WHAT THIS TASK INVOLVES
Output only the stretch of the listing that starts at the line containing "Product Image 2" and ends at the line containing "Axminster Drive, Stourport-on-Severn, DY13, photo", reproduced exactly with both ends.

DATA FOR THIS TASK
****

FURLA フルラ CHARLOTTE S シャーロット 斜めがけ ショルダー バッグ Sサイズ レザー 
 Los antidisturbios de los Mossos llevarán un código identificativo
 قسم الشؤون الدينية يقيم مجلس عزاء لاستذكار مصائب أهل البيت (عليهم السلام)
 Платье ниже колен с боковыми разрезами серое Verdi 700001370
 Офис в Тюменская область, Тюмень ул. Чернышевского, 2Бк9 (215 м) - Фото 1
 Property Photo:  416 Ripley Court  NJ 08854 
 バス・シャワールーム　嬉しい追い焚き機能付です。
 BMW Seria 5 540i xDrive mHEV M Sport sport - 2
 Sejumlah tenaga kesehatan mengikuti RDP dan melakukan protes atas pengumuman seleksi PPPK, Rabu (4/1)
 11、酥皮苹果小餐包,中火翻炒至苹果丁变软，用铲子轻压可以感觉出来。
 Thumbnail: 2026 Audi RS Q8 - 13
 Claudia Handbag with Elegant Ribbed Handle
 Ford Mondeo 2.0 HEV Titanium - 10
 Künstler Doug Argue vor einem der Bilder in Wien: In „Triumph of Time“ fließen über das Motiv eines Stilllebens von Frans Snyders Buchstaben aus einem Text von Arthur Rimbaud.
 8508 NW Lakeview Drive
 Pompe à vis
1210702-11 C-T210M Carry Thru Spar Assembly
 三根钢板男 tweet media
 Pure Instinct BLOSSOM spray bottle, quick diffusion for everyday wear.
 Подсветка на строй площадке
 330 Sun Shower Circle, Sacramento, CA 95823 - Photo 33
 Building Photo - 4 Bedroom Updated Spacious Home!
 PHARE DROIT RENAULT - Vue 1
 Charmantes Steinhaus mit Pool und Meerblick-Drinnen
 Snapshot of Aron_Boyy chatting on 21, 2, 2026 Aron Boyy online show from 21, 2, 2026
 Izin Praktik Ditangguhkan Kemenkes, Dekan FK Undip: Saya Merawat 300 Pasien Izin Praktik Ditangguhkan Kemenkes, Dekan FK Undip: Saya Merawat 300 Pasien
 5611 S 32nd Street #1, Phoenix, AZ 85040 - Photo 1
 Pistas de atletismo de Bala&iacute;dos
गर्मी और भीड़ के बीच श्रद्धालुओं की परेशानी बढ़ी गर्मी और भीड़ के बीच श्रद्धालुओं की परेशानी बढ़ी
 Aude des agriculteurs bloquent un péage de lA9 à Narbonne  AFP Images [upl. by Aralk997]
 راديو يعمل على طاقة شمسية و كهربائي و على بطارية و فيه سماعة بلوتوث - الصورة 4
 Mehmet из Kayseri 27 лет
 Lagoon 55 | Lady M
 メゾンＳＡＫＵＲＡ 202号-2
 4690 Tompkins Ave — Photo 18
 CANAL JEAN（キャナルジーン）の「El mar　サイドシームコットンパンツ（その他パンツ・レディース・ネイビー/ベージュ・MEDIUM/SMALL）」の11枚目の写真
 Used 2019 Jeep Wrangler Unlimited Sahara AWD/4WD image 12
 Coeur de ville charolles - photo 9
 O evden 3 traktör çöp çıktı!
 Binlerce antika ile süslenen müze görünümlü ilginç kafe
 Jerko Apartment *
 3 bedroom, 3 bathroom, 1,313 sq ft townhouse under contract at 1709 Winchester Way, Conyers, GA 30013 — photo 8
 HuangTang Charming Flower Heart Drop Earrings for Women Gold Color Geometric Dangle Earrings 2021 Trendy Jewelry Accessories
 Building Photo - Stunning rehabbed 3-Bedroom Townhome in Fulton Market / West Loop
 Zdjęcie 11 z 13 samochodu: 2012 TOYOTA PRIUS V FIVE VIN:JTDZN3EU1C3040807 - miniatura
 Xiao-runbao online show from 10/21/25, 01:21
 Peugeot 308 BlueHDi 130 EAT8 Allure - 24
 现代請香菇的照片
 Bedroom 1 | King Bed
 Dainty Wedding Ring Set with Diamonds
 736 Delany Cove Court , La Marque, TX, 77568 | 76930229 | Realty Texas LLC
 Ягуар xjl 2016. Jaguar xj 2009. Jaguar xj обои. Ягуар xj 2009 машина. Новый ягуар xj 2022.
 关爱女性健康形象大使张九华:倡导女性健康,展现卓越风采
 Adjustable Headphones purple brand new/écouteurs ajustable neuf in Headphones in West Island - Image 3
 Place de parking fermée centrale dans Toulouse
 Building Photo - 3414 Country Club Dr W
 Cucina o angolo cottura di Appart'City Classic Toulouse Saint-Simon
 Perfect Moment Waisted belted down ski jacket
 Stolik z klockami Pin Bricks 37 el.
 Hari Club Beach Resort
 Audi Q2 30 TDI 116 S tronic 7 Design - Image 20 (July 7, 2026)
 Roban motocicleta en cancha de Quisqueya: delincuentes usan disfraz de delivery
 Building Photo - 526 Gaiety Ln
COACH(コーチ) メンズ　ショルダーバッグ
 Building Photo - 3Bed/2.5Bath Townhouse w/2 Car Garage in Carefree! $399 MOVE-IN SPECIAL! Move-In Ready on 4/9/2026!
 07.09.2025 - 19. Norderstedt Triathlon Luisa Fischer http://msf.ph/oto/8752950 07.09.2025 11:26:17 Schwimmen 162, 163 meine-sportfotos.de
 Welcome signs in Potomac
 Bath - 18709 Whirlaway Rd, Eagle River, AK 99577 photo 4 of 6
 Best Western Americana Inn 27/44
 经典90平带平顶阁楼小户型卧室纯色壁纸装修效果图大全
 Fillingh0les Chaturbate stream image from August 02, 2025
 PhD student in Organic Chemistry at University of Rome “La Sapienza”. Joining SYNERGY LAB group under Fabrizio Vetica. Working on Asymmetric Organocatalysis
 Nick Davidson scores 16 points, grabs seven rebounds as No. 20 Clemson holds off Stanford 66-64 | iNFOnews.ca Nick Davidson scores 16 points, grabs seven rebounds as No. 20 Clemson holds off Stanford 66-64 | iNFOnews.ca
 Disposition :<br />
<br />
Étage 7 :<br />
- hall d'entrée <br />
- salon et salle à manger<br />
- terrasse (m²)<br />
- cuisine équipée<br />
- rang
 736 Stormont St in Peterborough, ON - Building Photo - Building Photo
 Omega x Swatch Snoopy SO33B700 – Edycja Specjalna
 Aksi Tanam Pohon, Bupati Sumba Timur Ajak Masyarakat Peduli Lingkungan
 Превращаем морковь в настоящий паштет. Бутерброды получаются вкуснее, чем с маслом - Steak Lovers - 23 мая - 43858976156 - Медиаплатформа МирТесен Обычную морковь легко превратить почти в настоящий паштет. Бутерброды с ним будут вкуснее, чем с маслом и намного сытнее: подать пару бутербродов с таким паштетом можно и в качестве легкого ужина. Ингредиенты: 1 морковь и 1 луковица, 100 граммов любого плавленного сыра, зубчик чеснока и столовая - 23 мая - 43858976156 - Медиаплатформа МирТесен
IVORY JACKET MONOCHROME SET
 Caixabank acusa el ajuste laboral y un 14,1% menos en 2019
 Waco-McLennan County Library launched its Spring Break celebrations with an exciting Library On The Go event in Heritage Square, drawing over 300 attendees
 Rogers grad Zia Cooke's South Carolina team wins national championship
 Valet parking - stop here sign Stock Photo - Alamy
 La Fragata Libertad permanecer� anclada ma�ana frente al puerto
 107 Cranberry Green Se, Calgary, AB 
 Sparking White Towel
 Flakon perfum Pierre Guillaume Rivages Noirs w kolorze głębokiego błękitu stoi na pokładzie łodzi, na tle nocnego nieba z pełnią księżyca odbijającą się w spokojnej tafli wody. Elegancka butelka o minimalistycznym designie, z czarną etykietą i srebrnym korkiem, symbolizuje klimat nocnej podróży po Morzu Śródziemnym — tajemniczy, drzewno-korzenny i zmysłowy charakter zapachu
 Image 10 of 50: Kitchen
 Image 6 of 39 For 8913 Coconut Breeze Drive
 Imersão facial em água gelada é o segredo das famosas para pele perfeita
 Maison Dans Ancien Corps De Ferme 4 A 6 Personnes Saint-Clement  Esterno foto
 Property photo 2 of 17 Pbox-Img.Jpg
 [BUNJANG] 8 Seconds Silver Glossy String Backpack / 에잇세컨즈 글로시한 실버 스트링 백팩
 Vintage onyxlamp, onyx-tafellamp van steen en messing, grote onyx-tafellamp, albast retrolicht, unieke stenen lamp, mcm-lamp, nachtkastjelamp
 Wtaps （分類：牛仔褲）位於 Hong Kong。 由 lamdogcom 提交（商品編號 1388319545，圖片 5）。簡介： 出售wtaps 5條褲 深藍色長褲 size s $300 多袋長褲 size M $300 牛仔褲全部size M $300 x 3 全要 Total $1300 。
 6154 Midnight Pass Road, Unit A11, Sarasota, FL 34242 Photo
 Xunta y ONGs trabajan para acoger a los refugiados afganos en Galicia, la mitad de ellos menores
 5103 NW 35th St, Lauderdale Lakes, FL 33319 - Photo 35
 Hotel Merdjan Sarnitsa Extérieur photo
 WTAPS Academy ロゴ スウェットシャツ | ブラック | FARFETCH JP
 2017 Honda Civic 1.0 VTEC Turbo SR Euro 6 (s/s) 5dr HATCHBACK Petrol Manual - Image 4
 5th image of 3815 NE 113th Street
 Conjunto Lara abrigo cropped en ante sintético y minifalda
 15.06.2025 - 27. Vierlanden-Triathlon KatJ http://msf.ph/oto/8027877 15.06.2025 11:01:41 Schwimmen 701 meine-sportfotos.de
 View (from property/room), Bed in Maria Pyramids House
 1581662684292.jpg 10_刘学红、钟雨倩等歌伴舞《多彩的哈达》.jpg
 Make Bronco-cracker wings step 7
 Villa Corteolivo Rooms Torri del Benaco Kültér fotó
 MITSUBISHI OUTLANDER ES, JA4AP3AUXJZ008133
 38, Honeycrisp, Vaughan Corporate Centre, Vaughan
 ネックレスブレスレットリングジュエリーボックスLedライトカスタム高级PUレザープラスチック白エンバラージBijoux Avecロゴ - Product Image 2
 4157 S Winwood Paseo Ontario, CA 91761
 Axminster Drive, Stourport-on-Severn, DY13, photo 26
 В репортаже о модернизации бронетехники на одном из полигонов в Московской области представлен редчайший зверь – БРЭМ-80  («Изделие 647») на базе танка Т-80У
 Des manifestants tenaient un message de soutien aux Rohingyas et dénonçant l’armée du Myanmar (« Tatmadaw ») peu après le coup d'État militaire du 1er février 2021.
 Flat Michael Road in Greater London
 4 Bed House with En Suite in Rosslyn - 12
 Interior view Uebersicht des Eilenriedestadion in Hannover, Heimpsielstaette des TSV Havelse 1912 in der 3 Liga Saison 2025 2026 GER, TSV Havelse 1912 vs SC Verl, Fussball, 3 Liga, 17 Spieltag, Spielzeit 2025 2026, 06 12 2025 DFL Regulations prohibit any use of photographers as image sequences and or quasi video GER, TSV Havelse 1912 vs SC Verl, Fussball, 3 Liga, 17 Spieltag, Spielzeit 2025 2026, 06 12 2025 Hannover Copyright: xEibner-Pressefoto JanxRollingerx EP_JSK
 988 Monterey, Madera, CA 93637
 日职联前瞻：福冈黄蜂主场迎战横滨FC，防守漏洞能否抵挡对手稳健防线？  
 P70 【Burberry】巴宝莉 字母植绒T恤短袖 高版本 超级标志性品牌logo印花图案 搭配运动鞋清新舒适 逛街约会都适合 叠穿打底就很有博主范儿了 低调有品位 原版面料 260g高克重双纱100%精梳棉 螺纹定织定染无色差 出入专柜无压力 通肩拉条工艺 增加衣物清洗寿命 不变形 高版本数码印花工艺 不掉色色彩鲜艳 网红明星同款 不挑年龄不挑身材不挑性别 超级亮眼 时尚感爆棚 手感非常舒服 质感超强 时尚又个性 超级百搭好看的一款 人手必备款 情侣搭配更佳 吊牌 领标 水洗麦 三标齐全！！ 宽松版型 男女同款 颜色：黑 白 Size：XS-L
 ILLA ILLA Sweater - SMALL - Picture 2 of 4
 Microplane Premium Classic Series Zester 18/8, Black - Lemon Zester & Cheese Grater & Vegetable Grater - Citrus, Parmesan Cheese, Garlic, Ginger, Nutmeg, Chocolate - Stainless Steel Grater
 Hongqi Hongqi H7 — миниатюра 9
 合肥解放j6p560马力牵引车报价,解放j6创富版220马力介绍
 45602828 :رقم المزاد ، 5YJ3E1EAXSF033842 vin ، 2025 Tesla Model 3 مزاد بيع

****

SOLUTION
 ネックレスブレスレットリングジュエリーボックスLedライトカスタム高级PUレザープラスチック白エンバラージBijoux Avecロゴ - Product Image 2
 4157 S Winwood Paseo Ontario, CA 91761
 Axminster Drive, Stourport-on-Severn, DY13, photo 26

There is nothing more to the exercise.